-
Notifications
You must be signed in to change notification settings - Fork 3.6k
Description
Bug description
I have been experienced intermittent and difficult to pin down failures when lightning tried to auto-requeue my jobs on our SLURM cluster on time out. After some debugging (print in the signal handler for SIGUSR1 and many runs), I saw that sometimes the handler would just stop running after or while saving the HPC checkpoint to disk.

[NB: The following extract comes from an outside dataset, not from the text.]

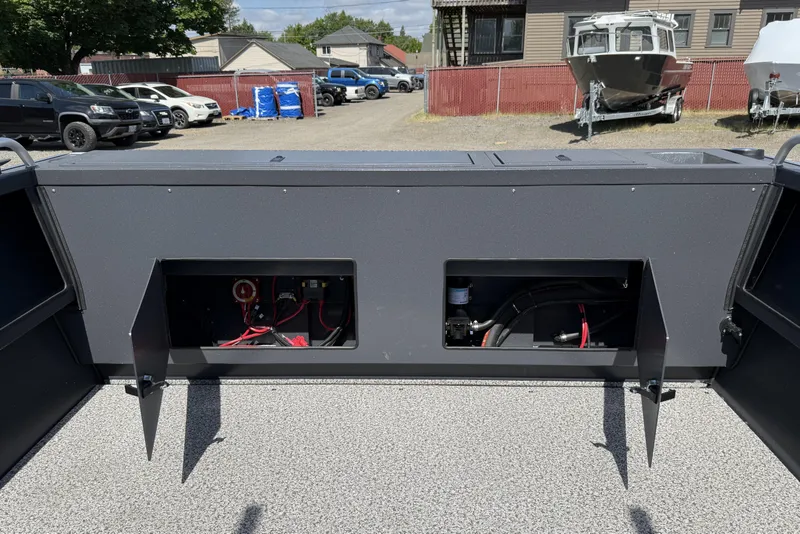 Slide: The Image of 2026 Alumaweld Intruder 22 boat interior with open storage compartments, parked outdoors. - 20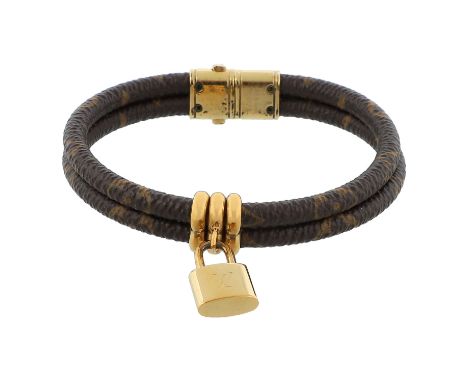 LOUIS VUITTON Armband "KEEP IT TWICE", akt. NP.: 345,-€. Monogram Canvas Serie und goldfarbene Hardware mit Schlossanhänger.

Signal handlers are a pretty special environment, because they can run after any python bytecode instruction, so also in the middle of other functions. This can lead to difficult to track down problems and also crashes, e.g. python/cpython#112608. Or it could run in the middle of a backward pass and store a corrupted checkpoint. So the safe option would be to do as little work as possible in them and move the actual signal handling into normal code.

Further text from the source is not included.